- **Material for this task**
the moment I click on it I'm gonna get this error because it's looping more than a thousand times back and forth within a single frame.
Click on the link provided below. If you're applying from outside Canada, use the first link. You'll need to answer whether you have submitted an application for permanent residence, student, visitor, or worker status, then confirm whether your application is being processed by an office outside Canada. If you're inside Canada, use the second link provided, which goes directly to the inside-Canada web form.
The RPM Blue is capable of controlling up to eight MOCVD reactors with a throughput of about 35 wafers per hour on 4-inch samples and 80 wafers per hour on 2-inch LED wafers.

--

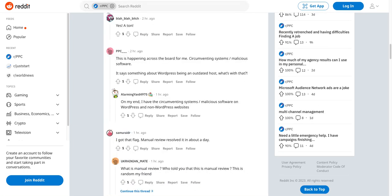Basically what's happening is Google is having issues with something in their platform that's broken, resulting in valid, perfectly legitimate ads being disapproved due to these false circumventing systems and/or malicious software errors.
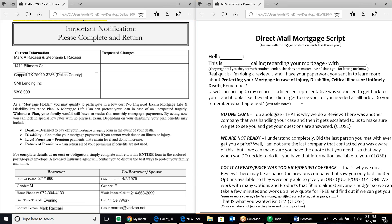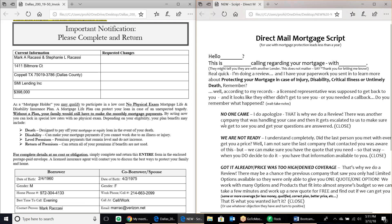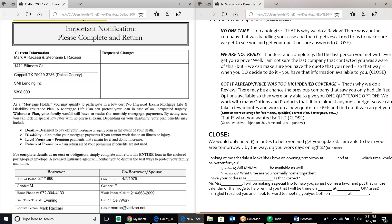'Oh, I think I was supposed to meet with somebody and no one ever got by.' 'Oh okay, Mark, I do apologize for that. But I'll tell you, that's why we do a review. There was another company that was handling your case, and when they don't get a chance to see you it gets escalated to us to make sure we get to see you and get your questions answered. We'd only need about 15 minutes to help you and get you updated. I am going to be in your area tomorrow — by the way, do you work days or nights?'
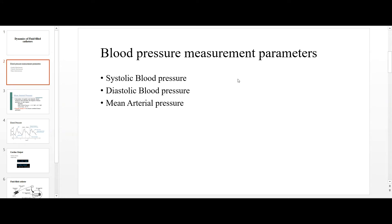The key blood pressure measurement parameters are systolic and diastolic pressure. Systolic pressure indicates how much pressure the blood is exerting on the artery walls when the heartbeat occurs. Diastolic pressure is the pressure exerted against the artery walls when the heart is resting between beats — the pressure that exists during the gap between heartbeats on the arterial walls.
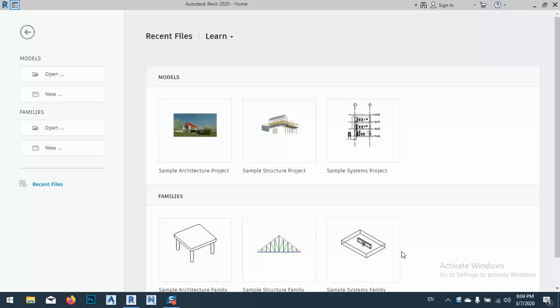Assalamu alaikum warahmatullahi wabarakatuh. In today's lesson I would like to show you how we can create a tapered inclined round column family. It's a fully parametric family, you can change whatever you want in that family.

- **Your task**
Set down precisely the lines above between the line holding "the moment I" and the line holding "The RPM Blue", inclusive, and nothing beyond them.

- **Answer area**
the moment I click on it I'm gonna get this error because it's looping more than a thousand times back and forth within a single frame.
Click on the link provided below. If you're applying from outside Canada, use the first link. You'll need to answer whether you have submitted an application for permanent residence, student, visitor, or worker status, then confirm whether your application is being processed by an office outside Canada. If you're inside Canada, use the second link provided, which goes directly to the inside-Canada web form.
The RPM Blue is capable of controlling up to eight MOCVD reactors with a throughput of about 35 wafers per hour on 4-inch samples and 80 wafers per hour on 2-inch LED wafers.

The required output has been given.